Introduction Urinary tract infections (UTI) represent substantial pathology of children’s morbidity. The frequency is just behind respiratory tract infections. The symptoms may be very diverse and non-specific. Early diagnosis very important for preventing complications (especially renal scarring).
Objectives Pediatrician is the first one that has contact with child having UTI. According to the age, symptomatology is diverse and detection has to be well-timed in order to assure proper treatment.
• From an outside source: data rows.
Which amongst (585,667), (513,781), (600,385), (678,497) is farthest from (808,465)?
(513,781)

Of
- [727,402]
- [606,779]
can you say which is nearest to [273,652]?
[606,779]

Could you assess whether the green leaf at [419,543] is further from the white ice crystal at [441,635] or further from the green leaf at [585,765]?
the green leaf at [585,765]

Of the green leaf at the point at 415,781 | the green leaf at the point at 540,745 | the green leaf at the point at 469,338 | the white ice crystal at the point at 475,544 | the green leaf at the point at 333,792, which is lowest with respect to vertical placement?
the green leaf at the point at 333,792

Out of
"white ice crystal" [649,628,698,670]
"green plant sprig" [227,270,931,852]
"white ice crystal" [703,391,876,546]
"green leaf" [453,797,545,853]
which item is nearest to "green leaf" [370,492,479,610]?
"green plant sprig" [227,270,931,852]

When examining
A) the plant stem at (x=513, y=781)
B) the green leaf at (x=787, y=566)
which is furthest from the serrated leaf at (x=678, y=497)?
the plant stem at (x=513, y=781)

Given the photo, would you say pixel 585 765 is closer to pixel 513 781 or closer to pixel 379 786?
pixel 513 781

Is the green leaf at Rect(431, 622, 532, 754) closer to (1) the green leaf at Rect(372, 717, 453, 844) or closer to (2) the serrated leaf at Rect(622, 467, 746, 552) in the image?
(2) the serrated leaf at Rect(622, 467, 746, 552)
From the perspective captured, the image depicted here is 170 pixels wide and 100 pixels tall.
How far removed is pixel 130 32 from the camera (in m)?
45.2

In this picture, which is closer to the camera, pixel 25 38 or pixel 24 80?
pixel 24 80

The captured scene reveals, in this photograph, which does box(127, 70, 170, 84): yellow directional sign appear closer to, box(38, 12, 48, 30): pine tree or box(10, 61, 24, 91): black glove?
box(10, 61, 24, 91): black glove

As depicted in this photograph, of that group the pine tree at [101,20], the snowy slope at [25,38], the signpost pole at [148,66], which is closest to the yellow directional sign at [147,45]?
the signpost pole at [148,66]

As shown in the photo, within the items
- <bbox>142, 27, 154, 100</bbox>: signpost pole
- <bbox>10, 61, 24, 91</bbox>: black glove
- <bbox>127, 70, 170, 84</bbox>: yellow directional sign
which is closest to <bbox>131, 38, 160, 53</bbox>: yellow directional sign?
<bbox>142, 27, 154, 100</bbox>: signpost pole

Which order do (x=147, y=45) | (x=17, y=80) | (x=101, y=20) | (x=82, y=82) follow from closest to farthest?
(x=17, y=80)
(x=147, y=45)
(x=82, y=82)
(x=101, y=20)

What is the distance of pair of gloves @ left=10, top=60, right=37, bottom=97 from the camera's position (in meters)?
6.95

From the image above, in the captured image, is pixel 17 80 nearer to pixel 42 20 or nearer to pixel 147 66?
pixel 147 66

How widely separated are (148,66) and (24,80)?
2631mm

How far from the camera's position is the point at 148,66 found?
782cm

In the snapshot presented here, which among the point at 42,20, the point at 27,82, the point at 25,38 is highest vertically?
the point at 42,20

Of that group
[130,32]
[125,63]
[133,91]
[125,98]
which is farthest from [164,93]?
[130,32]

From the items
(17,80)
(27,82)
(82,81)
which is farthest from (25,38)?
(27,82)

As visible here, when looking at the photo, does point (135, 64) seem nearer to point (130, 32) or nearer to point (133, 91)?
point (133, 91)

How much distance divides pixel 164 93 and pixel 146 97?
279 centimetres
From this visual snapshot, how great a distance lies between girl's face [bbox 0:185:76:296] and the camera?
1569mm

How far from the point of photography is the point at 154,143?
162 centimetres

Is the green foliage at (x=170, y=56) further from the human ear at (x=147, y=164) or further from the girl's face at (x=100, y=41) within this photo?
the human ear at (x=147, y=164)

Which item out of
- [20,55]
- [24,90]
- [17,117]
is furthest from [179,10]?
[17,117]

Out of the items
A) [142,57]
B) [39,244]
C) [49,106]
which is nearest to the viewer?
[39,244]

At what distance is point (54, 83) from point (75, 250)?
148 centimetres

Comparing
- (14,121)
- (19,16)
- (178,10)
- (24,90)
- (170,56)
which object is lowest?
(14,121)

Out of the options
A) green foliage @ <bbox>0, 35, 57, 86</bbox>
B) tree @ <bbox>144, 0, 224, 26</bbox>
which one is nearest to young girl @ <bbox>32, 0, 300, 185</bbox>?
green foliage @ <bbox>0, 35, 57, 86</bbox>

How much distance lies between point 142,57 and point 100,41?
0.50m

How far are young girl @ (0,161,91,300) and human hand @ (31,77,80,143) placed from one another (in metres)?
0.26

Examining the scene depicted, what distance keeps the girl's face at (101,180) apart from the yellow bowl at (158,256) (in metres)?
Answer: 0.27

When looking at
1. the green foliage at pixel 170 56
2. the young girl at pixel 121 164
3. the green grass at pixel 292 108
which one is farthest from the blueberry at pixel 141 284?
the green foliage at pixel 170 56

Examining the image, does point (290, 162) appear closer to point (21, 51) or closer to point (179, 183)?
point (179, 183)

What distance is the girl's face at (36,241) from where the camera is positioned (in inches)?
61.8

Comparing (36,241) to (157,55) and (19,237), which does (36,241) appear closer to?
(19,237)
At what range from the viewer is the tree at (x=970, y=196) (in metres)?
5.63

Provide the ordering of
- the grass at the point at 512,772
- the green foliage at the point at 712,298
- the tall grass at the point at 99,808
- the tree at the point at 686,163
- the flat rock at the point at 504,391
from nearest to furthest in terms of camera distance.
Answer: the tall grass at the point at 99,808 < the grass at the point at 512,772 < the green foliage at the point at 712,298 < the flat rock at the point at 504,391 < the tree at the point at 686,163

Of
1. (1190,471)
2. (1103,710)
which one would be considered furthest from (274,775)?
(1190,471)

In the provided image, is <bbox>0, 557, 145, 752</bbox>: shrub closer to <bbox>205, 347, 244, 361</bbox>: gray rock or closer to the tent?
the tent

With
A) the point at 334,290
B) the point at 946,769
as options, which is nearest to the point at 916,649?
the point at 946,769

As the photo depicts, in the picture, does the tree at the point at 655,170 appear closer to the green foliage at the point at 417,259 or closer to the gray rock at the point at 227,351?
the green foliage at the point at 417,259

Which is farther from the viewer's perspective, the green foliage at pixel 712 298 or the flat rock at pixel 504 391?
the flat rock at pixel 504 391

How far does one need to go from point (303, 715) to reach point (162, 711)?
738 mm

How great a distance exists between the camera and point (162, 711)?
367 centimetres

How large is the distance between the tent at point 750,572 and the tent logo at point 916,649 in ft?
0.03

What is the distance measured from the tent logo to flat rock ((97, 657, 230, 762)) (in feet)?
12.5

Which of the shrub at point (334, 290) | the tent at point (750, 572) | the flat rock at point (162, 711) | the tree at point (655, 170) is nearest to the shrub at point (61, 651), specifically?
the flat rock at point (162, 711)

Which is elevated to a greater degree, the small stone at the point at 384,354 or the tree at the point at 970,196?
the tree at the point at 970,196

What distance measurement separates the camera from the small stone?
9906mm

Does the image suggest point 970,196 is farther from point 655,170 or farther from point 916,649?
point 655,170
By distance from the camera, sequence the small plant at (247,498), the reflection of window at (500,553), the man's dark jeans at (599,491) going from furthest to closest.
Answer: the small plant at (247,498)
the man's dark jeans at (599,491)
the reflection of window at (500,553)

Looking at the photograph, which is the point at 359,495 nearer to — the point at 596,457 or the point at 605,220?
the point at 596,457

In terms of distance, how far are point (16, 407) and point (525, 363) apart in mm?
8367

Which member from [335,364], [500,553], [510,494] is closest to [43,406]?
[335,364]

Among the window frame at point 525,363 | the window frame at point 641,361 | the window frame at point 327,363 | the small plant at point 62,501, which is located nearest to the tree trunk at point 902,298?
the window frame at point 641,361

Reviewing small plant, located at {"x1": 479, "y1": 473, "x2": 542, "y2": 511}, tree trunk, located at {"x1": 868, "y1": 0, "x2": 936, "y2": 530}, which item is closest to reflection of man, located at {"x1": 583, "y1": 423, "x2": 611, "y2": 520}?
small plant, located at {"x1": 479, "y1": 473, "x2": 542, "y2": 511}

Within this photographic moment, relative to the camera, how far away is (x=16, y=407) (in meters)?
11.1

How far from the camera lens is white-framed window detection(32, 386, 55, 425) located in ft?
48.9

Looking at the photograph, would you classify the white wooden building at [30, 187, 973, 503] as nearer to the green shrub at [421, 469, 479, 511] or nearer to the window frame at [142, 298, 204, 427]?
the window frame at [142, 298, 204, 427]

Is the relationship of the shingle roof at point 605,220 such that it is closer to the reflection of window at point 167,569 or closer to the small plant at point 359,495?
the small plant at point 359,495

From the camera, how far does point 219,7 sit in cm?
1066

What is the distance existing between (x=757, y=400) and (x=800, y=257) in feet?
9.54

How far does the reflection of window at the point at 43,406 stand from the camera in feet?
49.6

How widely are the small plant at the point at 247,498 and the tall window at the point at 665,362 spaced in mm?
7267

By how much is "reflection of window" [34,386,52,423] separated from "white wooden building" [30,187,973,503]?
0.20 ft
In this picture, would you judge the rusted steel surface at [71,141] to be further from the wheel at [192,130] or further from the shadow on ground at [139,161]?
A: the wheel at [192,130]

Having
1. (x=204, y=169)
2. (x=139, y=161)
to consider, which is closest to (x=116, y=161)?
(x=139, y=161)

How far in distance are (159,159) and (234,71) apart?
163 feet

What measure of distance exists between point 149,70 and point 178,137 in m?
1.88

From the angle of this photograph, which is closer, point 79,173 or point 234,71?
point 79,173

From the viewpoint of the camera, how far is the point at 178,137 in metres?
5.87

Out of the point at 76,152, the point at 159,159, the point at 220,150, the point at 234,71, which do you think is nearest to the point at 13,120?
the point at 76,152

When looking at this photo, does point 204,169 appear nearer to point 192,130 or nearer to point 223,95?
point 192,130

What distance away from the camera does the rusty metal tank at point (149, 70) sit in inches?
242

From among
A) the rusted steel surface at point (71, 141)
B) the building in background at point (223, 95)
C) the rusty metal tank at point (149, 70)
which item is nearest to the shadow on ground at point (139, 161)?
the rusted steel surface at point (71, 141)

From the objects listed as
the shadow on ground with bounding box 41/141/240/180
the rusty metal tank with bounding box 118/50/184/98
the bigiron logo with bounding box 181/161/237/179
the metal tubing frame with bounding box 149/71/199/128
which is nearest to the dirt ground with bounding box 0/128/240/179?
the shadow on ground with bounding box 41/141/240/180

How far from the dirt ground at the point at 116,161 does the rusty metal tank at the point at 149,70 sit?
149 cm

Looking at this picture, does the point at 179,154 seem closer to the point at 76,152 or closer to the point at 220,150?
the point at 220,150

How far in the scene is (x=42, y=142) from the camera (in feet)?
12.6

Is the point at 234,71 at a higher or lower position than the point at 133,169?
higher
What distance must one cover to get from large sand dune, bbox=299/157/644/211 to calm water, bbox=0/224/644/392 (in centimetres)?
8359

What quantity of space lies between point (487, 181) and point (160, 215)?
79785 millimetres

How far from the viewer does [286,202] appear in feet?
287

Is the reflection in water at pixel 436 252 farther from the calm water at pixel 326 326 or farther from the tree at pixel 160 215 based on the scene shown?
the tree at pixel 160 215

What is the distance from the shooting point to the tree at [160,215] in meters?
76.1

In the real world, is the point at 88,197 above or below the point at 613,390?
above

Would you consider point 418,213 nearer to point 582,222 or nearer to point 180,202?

Materials and examinationsIn the study we evaluated 35 children aged 6 months to 6 years (from January 2009 till January 2012).There were 28 female and 7 male children divided in two groups: A) from 6 months till 3 years (20 children)with following symptoms: high temperature, diarrhea, vomiting and lack of appetite. B) from 3–6 years old (15 children) with following symptoms: dysuria, frequency, lumbar/abdominal pain and temperature. Basic laboratory tests and imaging studies were performed: complete blood count, urinalysis, CRP, urineculture, kidney and bladder ultrasound, Tc99mDMSA scan and cystography. According to the results of these studies the children were given appropriate management particularly those with risk for renal scarring.
Conclusion In 86% of the children with UTI Esherichia Coli (flagelarris) was found, Proteus mirabilis in 6%, Enteroccocus in 5% and Staphilococcus 3%. If the first UTI episode is appropriately managed, children at risk may be selected (high grade VUR) and long term treatment strategy created in order to prevent permanent kidney damage.